§ **Extracted records**:
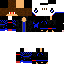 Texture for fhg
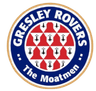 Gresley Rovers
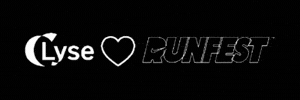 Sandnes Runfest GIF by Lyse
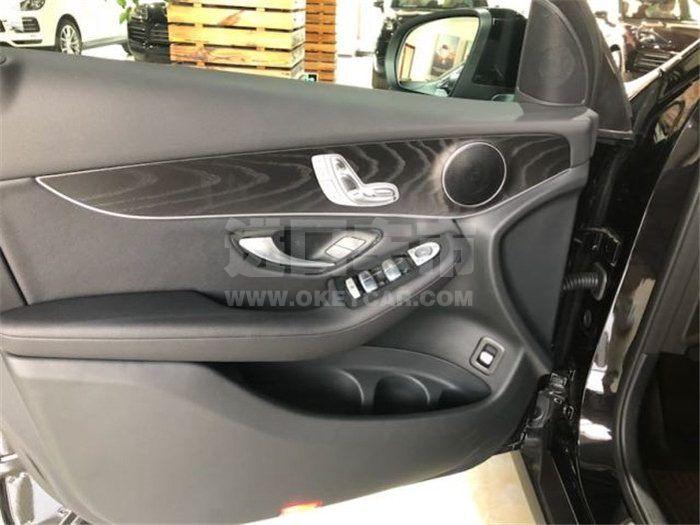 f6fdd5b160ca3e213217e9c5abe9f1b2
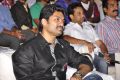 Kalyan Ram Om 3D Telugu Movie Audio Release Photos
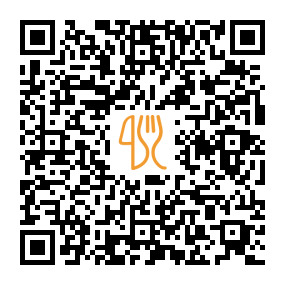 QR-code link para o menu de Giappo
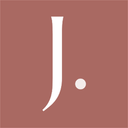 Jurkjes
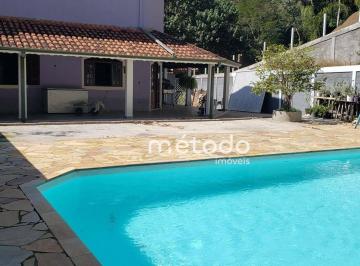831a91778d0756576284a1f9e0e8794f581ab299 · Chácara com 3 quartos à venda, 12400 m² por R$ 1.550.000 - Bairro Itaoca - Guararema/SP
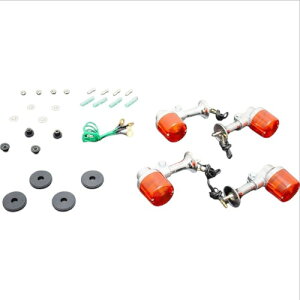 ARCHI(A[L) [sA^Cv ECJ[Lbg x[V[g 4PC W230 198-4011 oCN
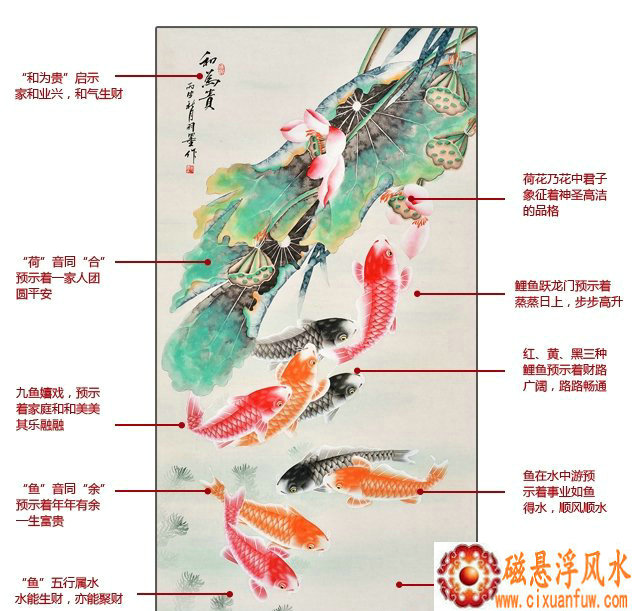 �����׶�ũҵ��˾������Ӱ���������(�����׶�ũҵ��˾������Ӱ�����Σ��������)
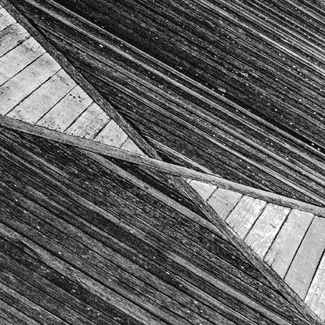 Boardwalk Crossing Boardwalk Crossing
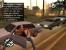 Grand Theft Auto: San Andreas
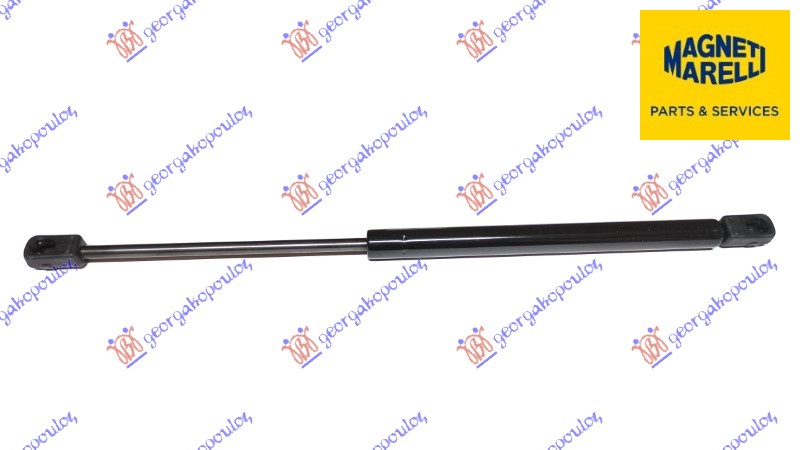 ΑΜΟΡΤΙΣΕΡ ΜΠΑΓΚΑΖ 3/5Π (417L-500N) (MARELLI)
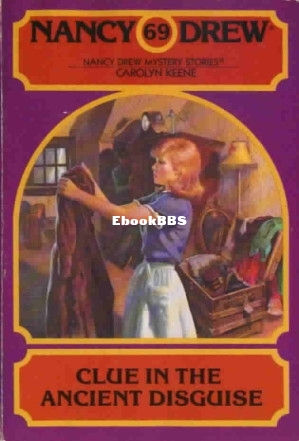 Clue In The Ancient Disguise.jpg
---
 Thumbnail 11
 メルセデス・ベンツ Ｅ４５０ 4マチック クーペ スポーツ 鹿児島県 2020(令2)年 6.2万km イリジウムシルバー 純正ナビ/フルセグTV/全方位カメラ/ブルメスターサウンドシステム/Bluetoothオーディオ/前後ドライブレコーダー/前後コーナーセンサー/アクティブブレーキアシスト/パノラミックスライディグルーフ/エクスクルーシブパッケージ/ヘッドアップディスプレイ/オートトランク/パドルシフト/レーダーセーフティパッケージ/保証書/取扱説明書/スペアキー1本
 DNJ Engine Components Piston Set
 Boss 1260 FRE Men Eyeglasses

§ **Exercise instructions**: Your reply is to be an exact repeat of the listing above from the line holding "QR-code link para o menu de Giappo" down to the line holding "Clue In The Ancient Disguise.jpg", ends included, pictures excluded.

§ **Response to the task**:
 QR-code link para o menu de Giappo
 Jurkjes
831a91778d0756576284a1f9e0e8794f581ab299 · Chácara com 3 quartos à venda, 12400 m² por R$ 1.550.000 - Bairro Itaoca - Guararema/SP
 ARCHI(A[L) [sA^Cv ECJ[Lbg x[V[g 4PC W230 198-4011 oCN
 �����׶�ũҵ��˾������Ӱ���������(�����׶�ũҵ��˾������Ӱ�����Σ��������)
 Boardwalk Crossing Boardwalk Crossing
 Grand Theft Auto: San Andreas
 ΑΜΟΡΤΙΣΕΡ ΜΠΑΓΚΑΖ 3/5Π (417L-500N) (MARELLI)
 Clue In The Ancient Disguise.jpg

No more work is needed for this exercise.